In 1932, during Prohibition, the club was raided by the ten federal agents on the search for a store of liquor – after fruitless searching including tapping walls for hidden niches the authorities were forced to admit defeat and left. What they didn’t find was over 2,000 cases of wine hidden in the basement. This secret cache was concealed behind several smoked hams that hung from the basement ceiling and a shelved wall filled with canned goods.  This backed onto a false wall of 2.5 tonnes of cement and metal that could be made to revolve by inserting an 18” metal skewer into a crack in the cement, thereby releasing the catch. One can still visit this secret cellar today.

Another example of this method of business insurance comes from Paris, which experienced its own ‘unsettled times’ in the first half of the 20th Century. The famous George V restaurant had constructed a secret cellar some 14 metres below the level of the street in which to keep its choicest vintages safe from the depredations and vicissitudes of history. This foresight protected the bottles from confiscation by the forces of the Occupation throughout the course of the Second World War. Other restaurants in Paris did similar things (most famously the Tour d’Argent), part of a series of concealments detailed in the book Wine & War: The Battle for France’s Greatest Treasure, by Don & Petie Kladstrup.



From examples such as these we can deduce that secret cellars were a common device used during turbulent times such as war. So what of Shanghai’s secret cellars? Did they exist? Do they still exist? 
It is quite probable that much personal property and business assets were concealed in this fashion prior to and during the occupation of Shanghai by the Japanese. Following the end of the war in 1945 a number of Shanghailanders returned to the city in the hope of picking up where they had been forced to leave off – the firm of Jardine, Matheson & Co., for instance, whom we mentioned earlier. 
This hoped return to 'business as usual' proved to be short-lived.

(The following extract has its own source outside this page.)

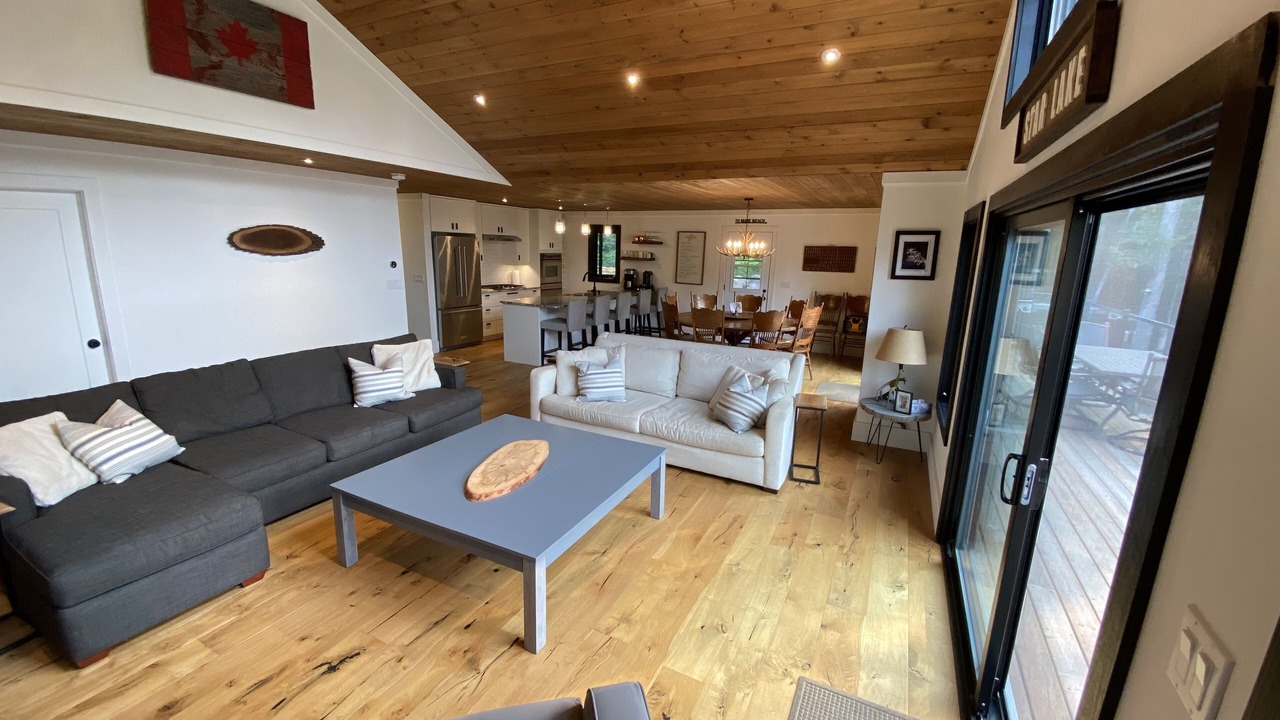 Photo of Livingroom in Rosseau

Once the Communist authorities of China realised that this outpost of Capitalism was not going to wither as anticipated they required all foreign businesses to cease trading and sell off all assets before vacating the city (a task that took large firms like Jardine-Matheson almost four years). The decade after 1949 was a long, slow withdrawal of foreign businesses, giving ample time to remove any assets that had survived the preceding decades of conflict – this would have probably included any ‘assets’ concealed behind false walls… 
But what of those caches owned by businesses and people who did not return? Those who died in Japanese internment camps or elsewhere during the period? Did the secreted liquor remain undisturbed in its sleep? Are those secret rooms still there?

Consider the following: as Shanghai enters a second age of dramatic growth and financial prosperity, many of the buildings that remain from the Foreign Concessions are gaining a new lease of life. Renovation, restoration and retro-fitting are the current fashions – and as this work progresses it is being discovered that many architectural and decorative features of these once grand temples to capital have survived the intervening decades – including the wholesale destruction of the Cultural Revolution. 
Features like wood-panelling, gold-leaf, mosaics, tracery, frescoes have been discovered more or less unscathed, hidden behind plywood and cheap paint – often concealed by the former employees of these institutions before their handing over to the people of China during that long, slow withdrawal of foreign businesses after the war - [a fine example of this architectural archaeology is the interior features of the Cathay hotel, now the Peace Hotel. In the lobby a false ceiling was removed to reveal a breathtaking 15 metre atrium with a copper and yellow-tinted-glass skylight.]


Early restoration work at the Peace Hotel, Shanghai
The restored atrium


Perhaps, somewhere, in a 1920’s building, soon to be renovated, will be discovered a false wall that will lead to a cellar in which will be found the concealed wine stock of some long gone wine merchant or hotel owner… perhaps.